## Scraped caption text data
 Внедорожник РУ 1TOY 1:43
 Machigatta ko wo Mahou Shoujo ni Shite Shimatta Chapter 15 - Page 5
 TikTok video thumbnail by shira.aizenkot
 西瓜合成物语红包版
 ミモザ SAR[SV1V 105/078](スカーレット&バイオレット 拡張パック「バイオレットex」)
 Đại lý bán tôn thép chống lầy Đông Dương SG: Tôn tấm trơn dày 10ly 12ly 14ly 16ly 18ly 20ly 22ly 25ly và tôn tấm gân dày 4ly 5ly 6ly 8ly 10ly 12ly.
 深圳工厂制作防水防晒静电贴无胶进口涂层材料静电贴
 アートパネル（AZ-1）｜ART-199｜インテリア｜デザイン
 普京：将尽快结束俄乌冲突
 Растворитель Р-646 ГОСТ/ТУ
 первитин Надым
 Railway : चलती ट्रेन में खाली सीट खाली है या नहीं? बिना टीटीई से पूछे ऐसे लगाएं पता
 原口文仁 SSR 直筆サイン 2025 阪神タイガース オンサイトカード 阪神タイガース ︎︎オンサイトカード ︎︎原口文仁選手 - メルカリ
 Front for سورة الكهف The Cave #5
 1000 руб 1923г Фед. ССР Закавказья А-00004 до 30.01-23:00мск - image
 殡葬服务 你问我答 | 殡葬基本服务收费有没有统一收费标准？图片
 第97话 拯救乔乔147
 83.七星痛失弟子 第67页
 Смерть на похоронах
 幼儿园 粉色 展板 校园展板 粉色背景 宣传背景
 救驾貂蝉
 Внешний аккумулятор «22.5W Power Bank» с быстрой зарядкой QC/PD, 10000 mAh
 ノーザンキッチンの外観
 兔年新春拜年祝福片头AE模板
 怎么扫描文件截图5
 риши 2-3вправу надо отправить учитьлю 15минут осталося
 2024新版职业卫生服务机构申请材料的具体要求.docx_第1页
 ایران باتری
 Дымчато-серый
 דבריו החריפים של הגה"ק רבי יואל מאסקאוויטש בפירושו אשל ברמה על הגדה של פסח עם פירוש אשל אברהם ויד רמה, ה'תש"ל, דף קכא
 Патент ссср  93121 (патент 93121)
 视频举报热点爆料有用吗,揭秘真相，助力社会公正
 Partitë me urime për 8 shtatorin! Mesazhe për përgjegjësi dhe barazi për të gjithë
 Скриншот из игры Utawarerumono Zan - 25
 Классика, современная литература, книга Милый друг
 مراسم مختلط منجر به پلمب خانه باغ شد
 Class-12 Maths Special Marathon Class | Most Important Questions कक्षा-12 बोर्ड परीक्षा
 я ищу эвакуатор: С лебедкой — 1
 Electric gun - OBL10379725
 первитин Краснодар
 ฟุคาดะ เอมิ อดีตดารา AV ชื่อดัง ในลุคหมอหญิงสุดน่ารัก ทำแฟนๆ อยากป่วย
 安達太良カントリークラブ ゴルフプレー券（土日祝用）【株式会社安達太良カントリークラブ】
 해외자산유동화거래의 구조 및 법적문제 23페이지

## WORK TASK
All of the entries above, written out exactly, make up the reply.

## SOLUTION FOR THIS PROBLEM
 Внедорожник РУ 1TOY 1:43
 Machigatta ko wo Mahou Shoujo ni Shite Shimatta Chapter 15 - Page 5
 TikTok video thumbnail by shira.aizenkot
 西瓜合成物语红包版
 ミモザ SAR[SV1V 105/078](スカーレット&バイオレット 拡張パック「バイオレットex」)
 Đại lý bán tôn thép chống lầy Đông Dương SG: Tôn tấm trơn dày 10ly 12ly 14ly 16ly 18ly 20ly 22ly 25ly và tôn tấm gân dày 4ly 5ly 6ly 8ly 10ly 12ly.
 深圳工厂制作防水防晒静电贴无胶进口涂层材料静电贴
 アートパネル（AZ-1）｜ART-199｜インテリア｜デザイン
 普京：将尽快结束俄乌冲突
 Растворитель Р-646 ГОСТ/ТУ
 первитин Надым
 Railway : चलती ट्रेन में खाली सीट खाली है या नहीं? बिना टीटीई से पूछे ऐसे लगाएं पता
 原口文仁 SSR 直筆サイン 2025 阪神タイガース オンサイトカード 阪神タイガース ︎︎オンサイトカード ︎︎原口文仁選手 - メルカリ
 Front for سورة الكهف The Cave #5
 1000 руб 1923г Фед. ССР Закавказья А-00004 до 30.01-23:00мск - image
 殡葬服务 你问我答 | 殡葬基本服务收费有没有统一收费标准？图片
 第97话 拯救乔乔147
 83.七星痛失弟子 第67页
 Смерть на похоронах
 幼儿园 粉色 展板 校园展板 粉色背景 宣传背景
 救驾貂蝉
 Внешний аккумулятор «22.5W Power Bank» с быстрой зарядкой QC/PD, 10000 mAh
 ノーザンキッチンの外観
 兔年新春拜年祝福片头AE模板
 怎么扫描文件截图5
 риши 2-3вправу надо отправить учитьлю 15минут осталося
 2024新版职业卫生服务机构申请材料的具体要求.docx_第1页
 ایران باتری
 Дымчато-серый
 דבריו החריפים של הגה"ק רבי יואל מאסקאוויטש בפירושו אשל ברמה על הגדה של פסח עם פירוש אשל אברהם ויד רמה, ה'תש"ל, דף קכא
 Патент ссср  93121 (патент 93121)
 视频举报热点爆料有用吗,揭秘真相，助力社会公正
 Partitë me urime për 8 shtatorin! Mesazhe për përgjegjësi dhe barazi për të gjithë
 Скриншот из игры Utawarerumono Zan - 25
 Классика, современная литература, книга Милый друг
 مراسم مختلط منجر به پلمب خانه باغ شد
 Class-12 Maths Special Marathon Class | Most Important Questions कक्षा-12 बोर्ड परीक्षा
 я ищу эвакуатор: С лебедкой — 1
 Electric gun - OBL10379725
 первитин Краснодар
 ฟุคาดะ เอมิ อดีตดารา AV ชื่อดัง ในลุคหมอหญิงสุดน่ารัก ทำแฟนๆ อยากป่วย
 安達太良カントリークラブ ゴルフプレー券（土日祝用）【株式会社安達太良カントリークラブ】
 해외자산유동화거래의 구조 및 법적문제 23페이지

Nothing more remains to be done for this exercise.